In business model analysis, revenue contribution determines whether a business is heavily dependent upon a single customer for a significant portion of annual revenues.
At the extremes, it's easy to distinguish "large" vs. "small" revenue contributions
A former client of mine sold to only one customer. This customer represented 100% of his revenues. This is clearly "large."
A sweater manufacturer I knew had only five total customers. One of these represented 80% of his total revenues. Again, "large."
I bought about $1,000 of books from Amazon.com (NASADAQ: AMZN) in 2008. Their total sales that year were about $13b. I contributed 0.000008% of their total revenues. This is, to say the least, "small."
The boundary between "large" and "small" can be problematic when a single customer represents 15% or 20% of a company's total revenues.
The SEC says a firm must disclose, in its 10K filings, if a single customer represented 10% (or more) of that year's total sales. They thus think 10% is "large."
The acid test of "large vs. small" is the nature of the pain that the loss of the customer would cause. If losing the customer would be a devastating blow from which the firm might not recover, that customer's revenue contribution is large.
Intel (NASDAQ: INTC), at its peak, grew to over $35b in revenues with less than 10 key customers.
INTC's revenues in 2008 were $37.6 billion. Twenty percent of those revenues came from Hewlett Packard Company (NYSE: HPQ). Dell (NASDAQ: DELL) accounted for 18%.
Thirty eight percent of INTC's 2008 revenues came from two customers.
Which of the four types of business models is INTC? Is it a Chicken (small revenue contribution per customer) or a Black Widow (large revenue contribution)?

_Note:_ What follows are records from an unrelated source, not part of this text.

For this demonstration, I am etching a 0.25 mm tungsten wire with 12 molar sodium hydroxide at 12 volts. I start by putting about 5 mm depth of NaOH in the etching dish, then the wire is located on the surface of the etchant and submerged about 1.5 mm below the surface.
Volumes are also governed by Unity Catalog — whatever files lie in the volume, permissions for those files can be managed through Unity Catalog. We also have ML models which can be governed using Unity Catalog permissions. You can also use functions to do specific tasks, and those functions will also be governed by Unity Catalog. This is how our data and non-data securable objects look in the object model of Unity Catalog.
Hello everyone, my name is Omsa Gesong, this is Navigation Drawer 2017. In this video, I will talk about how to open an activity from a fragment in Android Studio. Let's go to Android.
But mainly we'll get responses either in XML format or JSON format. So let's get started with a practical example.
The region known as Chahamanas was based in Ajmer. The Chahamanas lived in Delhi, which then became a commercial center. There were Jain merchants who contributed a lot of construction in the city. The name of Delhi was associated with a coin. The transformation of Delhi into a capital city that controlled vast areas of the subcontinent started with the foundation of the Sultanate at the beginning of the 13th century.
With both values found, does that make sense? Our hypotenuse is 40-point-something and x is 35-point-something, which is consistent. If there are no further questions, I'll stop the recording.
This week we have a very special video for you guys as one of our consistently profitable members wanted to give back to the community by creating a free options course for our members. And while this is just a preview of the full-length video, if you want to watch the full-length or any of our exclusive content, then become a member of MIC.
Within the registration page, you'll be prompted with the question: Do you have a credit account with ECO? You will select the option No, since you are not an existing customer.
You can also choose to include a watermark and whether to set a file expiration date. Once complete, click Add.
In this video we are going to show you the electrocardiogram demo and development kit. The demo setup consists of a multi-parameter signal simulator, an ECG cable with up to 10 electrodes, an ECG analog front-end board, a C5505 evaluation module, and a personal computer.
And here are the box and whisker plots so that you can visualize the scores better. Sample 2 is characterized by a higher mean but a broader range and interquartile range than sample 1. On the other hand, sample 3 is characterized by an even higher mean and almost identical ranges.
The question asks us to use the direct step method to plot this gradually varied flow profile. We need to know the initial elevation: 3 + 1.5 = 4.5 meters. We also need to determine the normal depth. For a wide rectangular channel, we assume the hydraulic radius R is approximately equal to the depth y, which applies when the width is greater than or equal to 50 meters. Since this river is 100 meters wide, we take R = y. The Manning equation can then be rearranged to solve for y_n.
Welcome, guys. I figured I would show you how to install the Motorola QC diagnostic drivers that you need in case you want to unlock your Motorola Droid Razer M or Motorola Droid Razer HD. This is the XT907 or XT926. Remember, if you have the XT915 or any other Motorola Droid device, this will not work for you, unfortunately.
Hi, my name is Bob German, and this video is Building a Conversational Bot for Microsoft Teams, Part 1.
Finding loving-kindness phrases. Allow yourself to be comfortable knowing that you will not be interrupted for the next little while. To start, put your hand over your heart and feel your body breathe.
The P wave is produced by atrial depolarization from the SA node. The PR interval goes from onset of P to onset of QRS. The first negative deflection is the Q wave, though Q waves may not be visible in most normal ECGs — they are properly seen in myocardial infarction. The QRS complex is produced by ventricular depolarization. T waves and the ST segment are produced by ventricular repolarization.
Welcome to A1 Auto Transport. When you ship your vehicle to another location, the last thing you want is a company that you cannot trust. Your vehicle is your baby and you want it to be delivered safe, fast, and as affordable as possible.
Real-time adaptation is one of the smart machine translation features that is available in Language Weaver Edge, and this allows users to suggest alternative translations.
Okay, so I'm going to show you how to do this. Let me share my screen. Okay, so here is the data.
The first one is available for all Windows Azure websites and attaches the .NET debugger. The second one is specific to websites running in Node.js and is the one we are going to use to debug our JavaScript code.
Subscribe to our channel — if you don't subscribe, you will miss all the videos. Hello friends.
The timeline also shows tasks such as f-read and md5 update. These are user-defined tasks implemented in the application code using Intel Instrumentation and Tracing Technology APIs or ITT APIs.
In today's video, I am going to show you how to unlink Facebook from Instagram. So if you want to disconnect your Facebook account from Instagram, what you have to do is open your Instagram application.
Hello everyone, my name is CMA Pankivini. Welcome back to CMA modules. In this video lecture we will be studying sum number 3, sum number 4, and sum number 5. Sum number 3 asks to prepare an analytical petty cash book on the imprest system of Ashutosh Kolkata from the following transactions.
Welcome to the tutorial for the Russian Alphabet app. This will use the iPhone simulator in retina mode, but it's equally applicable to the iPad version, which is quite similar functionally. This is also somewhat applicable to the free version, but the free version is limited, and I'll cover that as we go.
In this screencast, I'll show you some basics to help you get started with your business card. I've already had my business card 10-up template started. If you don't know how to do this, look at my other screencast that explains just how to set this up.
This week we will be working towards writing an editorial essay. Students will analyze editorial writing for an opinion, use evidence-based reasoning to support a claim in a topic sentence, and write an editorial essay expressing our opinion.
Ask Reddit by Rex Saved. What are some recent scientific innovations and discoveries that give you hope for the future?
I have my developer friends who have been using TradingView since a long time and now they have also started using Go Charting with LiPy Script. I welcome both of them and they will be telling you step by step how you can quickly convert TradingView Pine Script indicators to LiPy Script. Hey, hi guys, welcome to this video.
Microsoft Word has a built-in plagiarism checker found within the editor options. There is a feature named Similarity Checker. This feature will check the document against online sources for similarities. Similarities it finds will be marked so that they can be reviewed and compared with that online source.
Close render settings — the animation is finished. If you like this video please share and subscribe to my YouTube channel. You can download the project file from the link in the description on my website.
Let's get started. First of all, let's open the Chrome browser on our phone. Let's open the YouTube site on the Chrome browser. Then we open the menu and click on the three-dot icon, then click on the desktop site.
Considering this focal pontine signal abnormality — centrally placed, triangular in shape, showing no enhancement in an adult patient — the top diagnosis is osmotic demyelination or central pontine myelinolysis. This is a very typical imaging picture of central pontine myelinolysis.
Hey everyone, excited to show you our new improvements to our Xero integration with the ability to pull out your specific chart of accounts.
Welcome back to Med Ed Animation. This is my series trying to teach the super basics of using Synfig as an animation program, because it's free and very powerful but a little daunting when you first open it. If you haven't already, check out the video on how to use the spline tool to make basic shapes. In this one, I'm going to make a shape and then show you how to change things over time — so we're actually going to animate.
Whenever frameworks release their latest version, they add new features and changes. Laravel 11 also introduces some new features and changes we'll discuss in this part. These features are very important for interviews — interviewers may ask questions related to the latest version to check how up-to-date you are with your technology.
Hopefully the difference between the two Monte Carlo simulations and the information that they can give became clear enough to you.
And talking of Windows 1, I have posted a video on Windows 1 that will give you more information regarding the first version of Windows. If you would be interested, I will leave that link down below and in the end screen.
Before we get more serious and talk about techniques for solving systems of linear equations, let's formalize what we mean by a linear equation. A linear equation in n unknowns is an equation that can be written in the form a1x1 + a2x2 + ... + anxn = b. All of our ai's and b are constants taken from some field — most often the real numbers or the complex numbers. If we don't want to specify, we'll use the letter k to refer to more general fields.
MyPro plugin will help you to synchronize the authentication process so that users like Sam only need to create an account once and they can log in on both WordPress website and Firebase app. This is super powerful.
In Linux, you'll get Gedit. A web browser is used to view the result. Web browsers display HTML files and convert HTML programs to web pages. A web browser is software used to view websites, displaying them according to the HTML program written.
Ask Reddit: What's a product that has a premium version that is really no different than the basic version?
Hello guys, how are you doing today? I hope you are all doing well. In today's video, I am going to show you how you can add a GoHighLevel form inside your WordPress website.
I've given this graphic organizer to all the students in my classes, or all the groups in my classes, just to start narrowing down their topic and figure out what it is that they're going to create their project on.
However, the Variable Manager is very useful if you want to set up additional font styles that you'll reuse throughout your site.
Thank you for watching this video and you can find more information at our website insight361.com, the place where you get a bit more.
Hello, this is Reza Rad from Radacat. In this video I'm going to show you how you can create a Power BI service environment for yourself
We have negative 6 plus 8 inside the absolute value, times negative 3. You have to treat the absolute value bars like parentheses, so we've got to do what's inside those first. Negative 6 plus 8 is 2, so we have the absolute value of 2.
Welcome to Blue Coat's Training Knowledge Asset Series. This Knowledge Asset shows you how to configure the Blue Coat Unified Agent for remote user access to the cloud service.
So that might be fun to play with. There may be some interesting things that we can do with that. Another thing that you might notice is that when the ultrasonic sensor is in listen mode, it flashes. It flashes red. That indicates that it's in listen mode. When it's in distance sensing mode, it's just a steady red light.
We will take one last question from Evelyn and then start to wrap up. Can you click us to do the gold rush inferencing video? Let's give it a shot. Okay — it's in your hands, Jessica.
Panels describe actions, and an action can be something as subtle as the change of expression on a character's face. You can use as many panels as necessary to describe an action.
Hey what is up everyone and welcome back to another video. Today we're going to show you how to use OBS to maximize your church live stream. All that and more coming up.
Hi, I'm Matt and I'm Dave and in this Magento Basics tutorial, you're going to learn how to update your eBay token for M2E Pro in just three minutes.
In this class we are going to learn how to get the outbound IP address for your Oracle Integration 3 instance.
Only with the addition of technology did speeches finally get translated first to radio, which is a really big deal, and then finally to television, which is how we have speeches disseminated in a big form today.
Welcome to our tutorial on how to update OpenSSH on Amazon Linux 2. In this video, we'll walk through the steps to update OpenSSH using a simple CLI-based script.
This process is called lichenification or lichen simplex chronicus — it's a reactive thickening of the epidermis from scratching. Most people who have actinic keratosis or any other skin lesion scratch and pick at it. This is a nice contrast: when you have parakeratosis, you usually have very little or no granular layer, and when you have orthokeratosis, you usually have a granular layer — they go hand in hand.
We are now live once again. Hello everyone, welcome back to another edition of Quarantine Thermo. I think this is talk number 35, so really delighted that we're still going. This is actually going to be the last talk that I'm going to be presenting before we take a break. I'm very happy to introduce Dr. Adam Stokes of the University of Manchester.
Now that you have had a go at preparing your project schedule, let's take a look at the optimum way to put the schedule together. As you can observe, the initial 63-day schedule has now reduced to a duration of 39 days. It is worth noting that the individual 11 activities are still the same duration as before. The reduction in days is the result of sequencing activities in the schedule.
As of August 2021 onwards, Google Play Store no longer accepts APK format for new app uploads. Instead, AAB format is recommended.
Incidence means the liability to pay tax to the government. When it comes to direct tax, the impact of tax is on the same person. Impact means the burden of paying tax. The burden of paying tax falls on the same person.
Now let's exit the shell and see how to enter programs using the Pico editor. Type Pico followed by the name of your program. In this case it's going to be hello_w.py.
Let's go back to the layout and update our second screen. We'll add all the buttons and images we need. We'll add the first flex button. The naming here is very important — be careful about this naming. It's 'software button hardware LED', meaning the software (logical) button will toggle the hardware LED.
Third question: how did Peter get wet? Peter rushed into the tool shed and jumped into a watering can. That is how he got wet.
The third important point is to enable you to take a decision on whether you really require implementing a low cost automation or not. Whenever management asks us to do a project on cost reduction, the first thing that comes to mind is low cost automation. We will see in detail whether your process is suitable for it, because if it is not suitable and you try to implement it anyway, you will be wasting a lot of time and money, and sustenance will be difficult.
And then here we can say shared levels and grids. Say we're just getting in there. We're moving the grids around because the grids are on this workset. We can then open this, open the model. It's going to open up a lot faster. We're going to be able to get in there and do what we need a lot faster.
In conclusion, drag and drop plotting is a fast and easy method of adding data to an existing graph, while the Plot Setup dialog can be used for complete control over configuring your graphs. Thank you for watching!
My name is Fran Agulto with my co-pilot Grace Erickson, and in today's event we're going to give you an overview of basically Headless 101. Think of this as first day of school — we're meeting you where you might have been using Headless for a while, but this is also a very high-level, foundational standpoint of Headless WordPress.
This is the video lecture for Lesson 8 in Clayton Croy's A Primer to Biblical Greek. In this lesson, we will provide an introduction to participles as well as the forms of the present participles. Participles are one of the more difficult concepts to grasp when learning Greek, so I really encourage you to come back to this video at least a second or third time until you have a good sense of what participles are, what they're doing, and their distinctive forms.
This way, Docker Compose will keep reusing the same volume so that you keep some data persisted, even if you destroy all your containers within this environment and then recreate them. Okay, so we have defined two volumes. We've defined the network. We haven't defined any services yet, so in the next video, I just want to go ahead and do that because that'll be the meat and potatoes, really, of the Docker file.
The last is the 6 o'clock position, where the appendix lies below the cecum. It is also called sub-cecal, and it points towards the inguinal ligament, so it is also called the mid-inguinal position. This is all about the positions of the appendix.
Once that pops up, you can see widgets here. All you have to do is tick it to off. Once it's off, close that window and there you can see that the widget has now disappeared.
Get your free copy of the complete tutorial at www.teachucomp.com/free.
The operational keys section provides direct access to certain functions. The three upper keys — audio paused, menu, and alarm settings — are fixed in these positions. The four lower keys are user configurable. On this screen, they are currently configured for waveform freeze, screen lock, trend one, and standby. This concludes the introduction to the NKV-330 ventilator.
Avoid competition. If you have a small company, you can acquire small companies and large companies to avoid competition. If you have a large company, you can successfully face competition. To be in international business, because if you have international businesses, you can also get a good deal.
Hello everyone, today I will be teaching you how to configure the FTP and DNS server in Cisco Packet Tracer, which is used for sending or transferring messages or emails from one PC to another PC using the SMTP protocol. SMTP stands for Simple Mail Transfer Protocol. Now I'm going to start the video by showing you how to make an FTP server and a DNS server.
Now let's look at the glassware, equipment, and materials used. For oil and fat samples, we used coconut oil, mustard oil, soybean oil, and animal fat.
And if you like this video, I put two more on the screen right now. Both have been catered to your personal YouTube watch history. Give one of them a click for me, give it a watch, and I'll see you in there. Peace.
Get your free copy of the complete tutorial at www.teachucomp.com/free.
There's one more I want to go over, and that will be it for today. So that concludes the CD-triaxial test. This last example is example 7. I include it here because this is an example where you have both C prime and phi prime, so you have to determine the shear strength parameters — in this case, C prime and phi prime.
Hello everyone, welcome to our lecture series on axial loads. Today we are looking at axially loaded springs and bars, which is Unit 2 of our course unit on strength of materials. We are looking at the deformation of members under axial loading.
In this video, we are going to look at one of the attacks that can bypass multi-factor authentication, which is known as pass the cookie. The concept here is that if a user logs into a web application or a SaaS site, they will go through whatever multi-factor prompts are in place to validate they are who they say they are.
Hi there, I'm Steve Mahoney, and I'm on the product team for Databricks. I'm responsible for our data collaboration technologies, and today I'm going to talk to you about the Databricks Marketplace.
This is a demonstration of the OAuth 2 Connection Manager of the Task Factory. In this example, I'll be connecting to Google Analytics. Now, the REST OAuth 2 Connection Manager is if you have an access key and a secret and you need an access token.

Learn more about a firm that relies upon a few key customers by reading Intel's 10K filings.
It's tough reading as the company really doesn't want you to know what's going on, but look at Amazon.com's 10K filings. Try to determine how much of its revenues comes from Locusts and how much comes from the infrastructure services it sells to corporate accounts. Hint: Amazon.com's profitability isn't a function of its Locust activities.